January brought a fresh widening in the EU’s trade gap with China. Exports fell 5%, imports rose 1%, and the deficit increased from €31.3bn to €32.5bn. Overall, EU exports were down 10% year on year, dragged lower by a striking near -28% plunge in exports to the U.S.

At first glance, January EU imports from China looked fairly soft in euro terms. Goods cleared at EU customs rose 2.4% by volume, but only 1.0% by value. Yet most of those goods were shipped in Q4 2025, when the euro was markedly stronger against the yuan than a year earlier. In other words, the euro figures understate the weakness.

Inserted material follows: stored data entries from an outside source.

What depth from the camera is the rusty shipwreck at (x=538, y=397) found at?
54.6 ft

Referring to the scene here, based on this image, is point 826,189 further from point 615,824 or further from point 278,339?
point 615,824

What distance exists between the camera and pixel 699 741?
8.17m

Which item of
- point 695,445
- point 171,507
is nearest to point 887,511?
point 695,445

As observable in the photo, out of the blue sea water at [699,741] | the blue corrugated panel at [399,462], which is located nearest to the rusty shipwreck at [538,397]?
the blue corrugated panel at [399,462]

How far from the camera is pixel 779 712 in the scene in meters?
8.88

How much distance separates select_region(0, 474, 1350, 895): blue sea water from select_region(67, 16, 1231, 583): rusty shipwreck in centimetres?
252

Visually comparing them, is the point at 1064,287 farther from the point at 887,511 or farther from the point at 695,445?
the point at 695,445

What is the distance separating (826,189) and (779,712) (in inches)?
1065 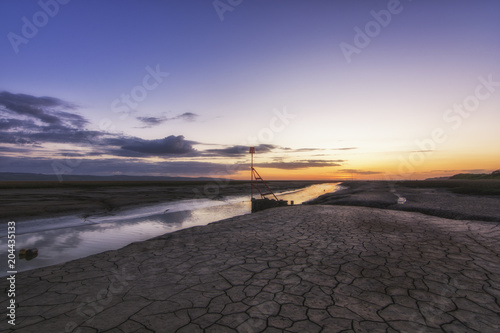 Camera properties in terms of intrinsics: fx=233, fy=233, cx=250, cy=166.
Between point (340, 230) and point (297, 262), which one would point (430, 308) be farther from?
point (340, 230)

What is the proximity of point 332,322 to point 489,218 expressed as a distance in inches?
366

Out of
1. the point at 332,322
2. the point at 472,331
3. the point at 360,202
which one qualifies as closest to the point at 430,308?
the point at 472,331

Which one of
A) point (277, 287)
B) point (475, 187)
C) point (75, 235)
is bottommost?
point (75, 235)

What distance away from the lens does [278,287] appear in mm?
3354

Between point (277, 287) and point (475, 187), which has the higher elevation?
point (277, 287)

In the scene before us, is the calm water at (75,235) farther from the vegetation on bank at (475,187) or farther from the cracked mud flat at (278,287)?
the vegetation on bank at (475,187)

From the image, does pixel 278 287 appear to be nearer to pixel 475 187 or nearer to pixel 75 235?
pixel 75 235

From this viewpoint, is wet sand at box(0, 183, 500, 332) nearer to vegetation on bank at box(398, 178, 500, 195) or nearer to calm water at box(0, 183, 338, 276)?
calm water at box(0, 183, 338, 276)

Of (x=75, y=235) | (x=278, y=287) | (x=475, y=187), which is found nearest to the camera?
(x=278, y=287)

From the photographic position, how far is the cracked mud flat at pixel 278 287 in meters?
2.58

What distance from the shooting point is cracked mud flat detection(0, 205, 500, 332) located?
2576 mm

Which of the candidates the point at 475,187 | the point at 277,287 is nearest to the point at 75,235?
the point at 277,287

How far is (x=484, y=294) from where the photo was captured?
10.1ft

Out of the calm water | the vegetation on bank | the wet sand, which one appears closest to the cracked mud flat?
the wet sand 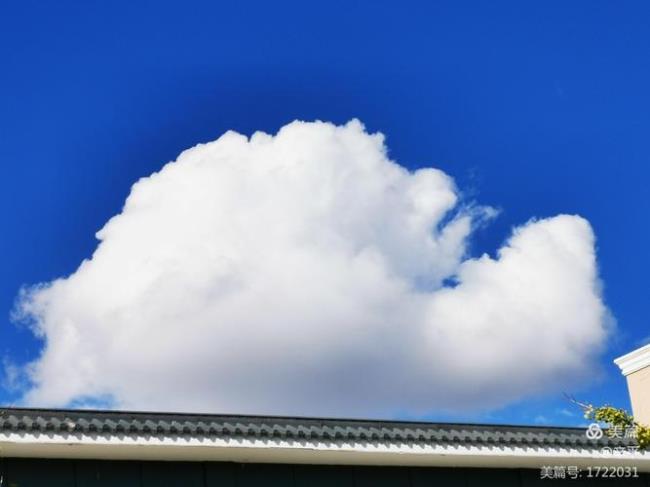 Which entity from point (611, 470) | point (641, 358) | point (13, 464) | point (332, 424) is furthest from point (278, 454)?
point (641, 358)

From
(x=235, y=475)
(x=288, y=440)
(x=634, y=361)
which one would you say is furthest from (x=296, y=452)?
(x=634, y=361)

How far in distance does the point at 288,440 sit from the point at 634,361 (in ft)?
43.8

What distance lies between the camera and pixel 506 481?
1919 cm

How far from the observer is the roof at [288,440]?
14961mm

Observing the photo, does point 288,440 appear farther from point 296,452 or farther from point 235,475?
point 235,475

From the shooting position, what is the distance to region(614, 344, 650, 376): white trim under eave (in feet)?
87.5

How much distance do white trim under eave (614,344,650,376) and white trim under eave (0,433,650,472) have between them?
6762 millimetres

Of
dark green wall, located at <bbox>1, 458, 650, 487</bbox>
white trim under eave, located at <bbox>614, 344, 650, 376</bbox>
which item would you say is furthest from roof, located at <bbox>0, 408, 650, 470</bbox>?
white trim under eave, located at <bbox>614, 344, 650, 376</bbox>

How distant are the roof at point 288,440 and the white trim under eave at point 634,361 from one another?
6.96 metres

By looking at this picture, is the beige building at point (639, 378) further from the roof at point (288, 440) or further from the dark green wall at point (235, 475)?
the dark green wall at point (235, 475)

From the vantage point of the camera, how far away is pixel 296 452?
16.8 meters

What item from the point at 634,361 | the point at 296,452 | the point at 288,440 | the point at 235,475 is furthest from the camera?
the point at 634,361

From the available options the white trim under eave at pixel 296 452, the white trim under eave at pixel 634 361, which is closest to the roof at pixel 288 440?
the white trim under eave at pixel 296 452

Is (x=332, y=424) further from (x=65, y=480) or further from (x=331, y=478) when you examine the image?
(x=65, y=480) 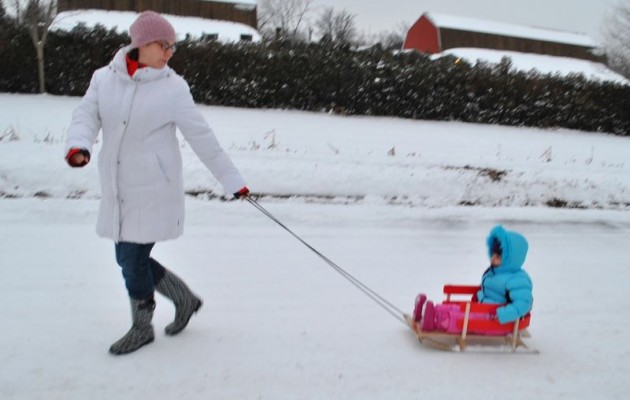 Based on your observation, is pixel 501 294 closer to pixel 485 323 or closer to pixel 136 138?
pixel 485 323

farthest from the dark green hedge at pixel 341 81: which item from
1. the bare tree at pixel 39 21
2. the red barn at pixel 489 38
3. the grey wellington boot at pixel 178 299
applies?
the red barn at pixel 489 38

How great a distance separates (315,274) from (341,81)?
10275 millimetres

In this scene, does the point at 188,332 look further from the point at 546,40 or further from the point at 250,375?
the point at 546,40

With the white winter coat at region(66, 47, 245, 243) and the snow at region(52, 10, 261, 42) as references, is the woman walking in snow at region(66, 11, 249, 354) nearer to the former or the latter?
the white winter coat at region(66, 47, 245, 243)

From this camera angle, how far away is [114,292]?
419 centimetres

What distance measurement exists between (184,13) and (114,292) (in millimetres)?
26538

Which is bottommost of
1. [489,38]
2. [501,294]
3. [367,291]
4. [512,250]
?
[367,291]

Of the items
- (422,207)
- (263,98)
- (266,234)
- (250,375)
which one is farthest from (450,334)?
(263,98)

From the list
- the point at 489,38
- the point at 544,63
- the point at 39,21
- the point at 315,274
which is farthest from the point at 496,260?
the point at 489,38

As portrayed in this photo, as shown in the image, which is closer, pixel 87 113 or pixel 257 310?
pixel 87 113

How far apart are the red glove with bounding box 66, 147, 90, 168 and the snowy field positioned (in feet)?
3.63

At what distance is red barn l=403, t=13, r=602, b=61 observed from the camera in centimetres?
3666

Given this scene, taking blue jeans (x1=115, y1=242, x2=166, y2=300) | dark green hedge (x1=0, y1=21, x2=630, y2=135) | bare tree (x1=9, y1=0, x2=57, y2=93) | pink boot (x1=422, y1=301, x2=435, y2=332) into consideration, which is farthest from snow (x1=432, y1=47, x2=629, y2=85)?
blue jeans (x1=115, y1=242, x2=166, y2=300)

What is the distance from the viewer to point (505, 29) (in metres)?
37.4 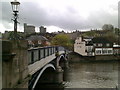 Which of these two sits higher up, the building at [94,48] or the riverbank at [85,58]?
the building at [94,48]

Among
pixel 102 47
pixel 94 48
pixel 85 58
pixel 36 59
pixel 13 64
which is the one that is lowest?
pixel 85 58

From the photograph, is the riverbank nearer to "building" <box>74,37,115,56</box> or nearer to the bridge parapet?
"building" <box>74,37,115,56</box>

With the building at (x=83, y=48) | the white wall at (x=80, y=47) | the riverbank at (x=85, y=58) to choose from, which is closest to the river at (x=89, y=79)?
the riverbank at (x=85, y=58)

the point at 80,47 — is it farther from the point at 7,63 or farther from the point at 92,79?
the point at 7,63

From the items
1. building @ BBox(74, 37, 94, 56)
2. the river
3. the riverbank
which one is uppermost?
building @ BBox(74, 37, 94, 56)

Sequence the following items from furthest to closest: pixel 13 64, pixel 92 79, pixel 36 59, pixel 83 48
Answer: pixel 83 48 → pixel 92 79 → pixel 36 59 → pixel 13 64

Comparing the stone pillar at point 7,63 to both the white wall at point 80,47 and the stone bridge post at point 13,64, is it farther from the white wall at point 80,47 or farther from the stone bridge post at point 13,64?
the white wall at point 80,47

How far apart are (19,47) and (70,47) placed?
7530 cm

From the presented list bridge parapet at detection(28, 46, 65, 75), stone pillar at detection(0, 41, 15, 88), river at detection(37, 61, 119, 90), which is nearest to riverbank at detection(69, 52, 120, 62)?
river at detection(37, 61, 119, 90)

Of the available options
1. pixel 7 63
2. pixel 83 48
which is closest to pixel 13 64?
pixel 7 63

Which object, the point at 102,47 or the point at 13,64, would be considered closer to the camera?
the point at 13,64

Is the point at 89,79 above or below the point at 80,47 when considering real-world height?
below

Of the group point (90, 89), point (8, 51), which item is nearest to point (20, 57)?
point (8, 51)

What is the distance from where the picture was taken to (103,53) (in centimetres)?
7194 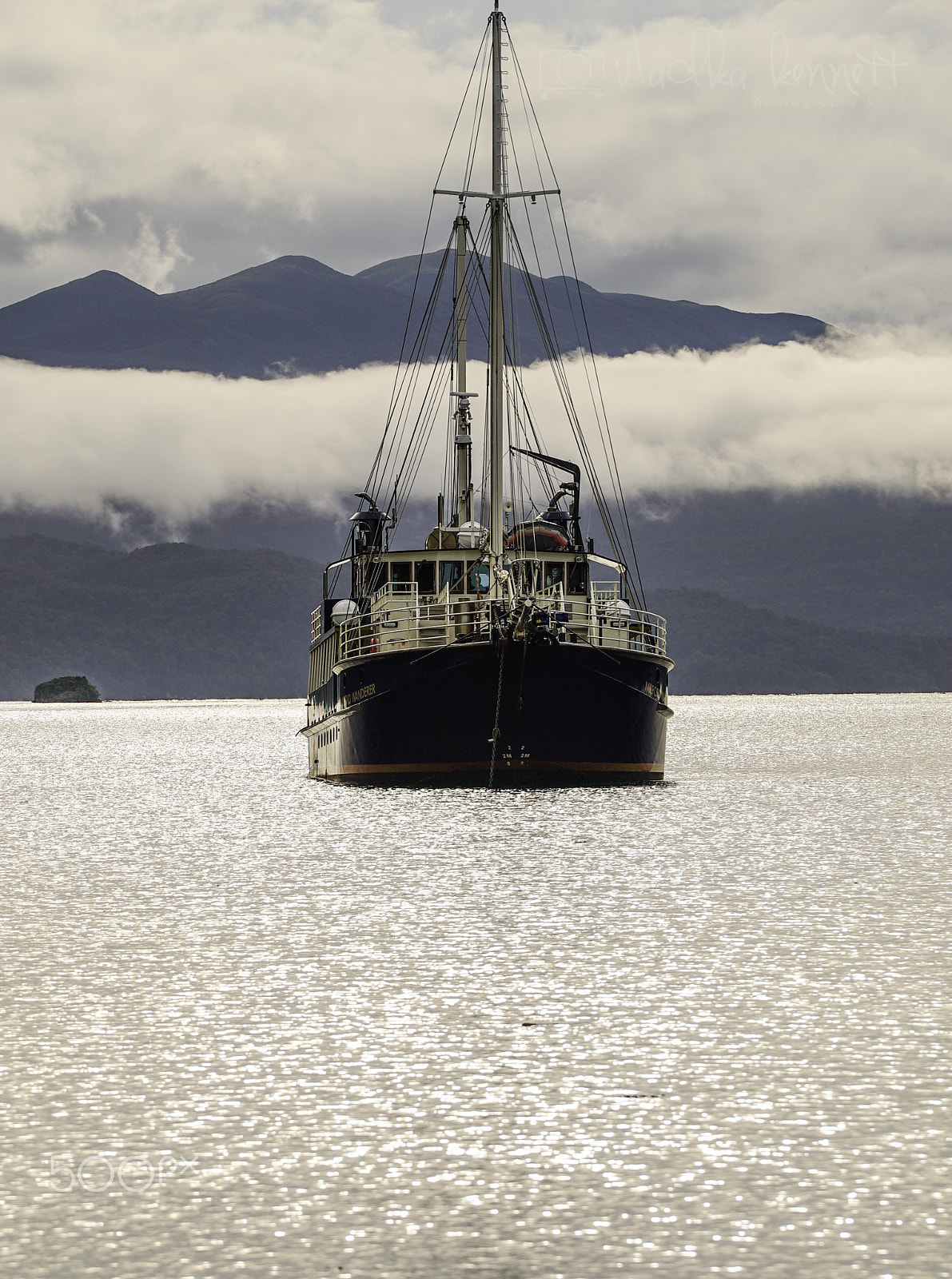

Chinese new-energy vehicle exports to the EU are changing shape rather than retreating. In January, total imports rose 23% year on year, even as electric cars fell 38%, because plug-in hybrids doubled and non-plug-in hybrids more than tripled. The push into the EU market is continuing, but with a much stronger hybrid mix.

EUROSTAT’s January data show a sharp deterioration in the EU’s car trade balance with China. EU car exports to China fell 35% by value, dropping to €435mn from €665mn a year earlier.

The relative shift is just as striking. In January 2025, the value of EU car exports to China was still equivalent to about 90% of the value of EU car imports from China. One year later, that ratio had fallen to just 59%. In other words, the gap widened markedly in China’s favour.

The 2025 data confirms what was quickly foretold: once the U.S. signalled the end of de minimis exemptions for parcels, part of the flood was redirected towards the EU.

As a result, while exports by Shein, Temu and similar platforms to the U.S. fell by 25%, exports to the EU surged by 49%.

EU wine exports to China are now 87% below their peak nine years ago. To put that into perspective, January shipments were equivalent to barely one 12-bottle case per EU winery, or roughly two bottles per vineyard across the bloc. In other words, almost nothing. The downwards trend seems unstoppable, in January 2026 exports dropped 3.4% by value compared with a year earlier.

2025 was the year of the switch. Using Taiwan’s own reporting convention, the U.S. became Taiwan’s largest export market, overtaking Mainland China and Hong Kong combined. For 2026, we expect exports to both the U.S. and China to grow substantially, driven above all by semiconductors and the wider electronics supply chain. The more interesting question is not whether both will rise, but by how much. If U.S. demand keeps leading the current chip cycle, the post-2025 gap could widen further, even if China also rebounds.

Yemen’s Houthis are considering a Bab al-Mandab blockade in support of Iran. Recall that since Houthi attacks began, traffic through the Suez Canal has dropped by more than half from its 2023 peak.

According to Premier Li, international trade is a two-way choice that benefits both sides, and China has never sought to pursue a trade surplus.

Li presents China’s vast trade surplus as if it were simply the benign outcome of mutual market choice. But a surplus of this size and persistence does not emerge in a vacuum. It reflects an economic system that has consistently favoured production over consumption, industry over households, and export capacity over domestic absorption. China may not proclaim “trade surplus” as an official objective, but its policy mix has long pointed in that direction. Denying that is not an explanation. It is selective amnesia.

China’s state media is running a campaign to deny that there is anything problematic about the country’s huge trade surplus. In doing so, it implicitly falls back on an old argument associated with Friedrich List, the 19th-century economist who defended state-backed industrial catch-up.

We looked for total factor productivity (TFP) in the XV Five-Year Plan. It is there, but only in a very limited way.

The wording is familiar: TFP should “steadily improve.” This is not new language. It mirrors almost exactly the formulation used by Xi Jinping in October 2025, around the 4th Plenum and the drafting of the plan. In other words, the concept is acknowledged, but without any measurable commitment.

That marks a step back from the XIV Five-Year Plan. The previous plan also highlighted TFP, but with a clearer benchmark: productivity growth was expected to exceed that of the preceding period. It was not a hard number, but it was a reference point. In the new plan, even that disappears.

What followed likely explains the shift. Available evidence suggests that China did not deliver a meaningful improvement in TFP over 2021–2025 compared with 2016–2020. Productivity has remained under pressure from familiar factors: weak demand, overcapacity, and persistent misallocation. Against that backdrop, a softer formulation in the new plan is not surprising.

The implication is straightforward. The leadership is well aware of the TFP problem, but prefers to keep the language non-committal. “Steadily improve” signals direction without binding the authorities to a result. It preserves room to pursue growth through scale, industrial policy, and external demand, without being judged against a productivity benchmark that may prove difficult to meet.

Our reading is that this matters. Without a decisive improvement in productivity, and absent deeper reforms, the gap with the United States is unlikely to close. If anything, it is more likely to widen.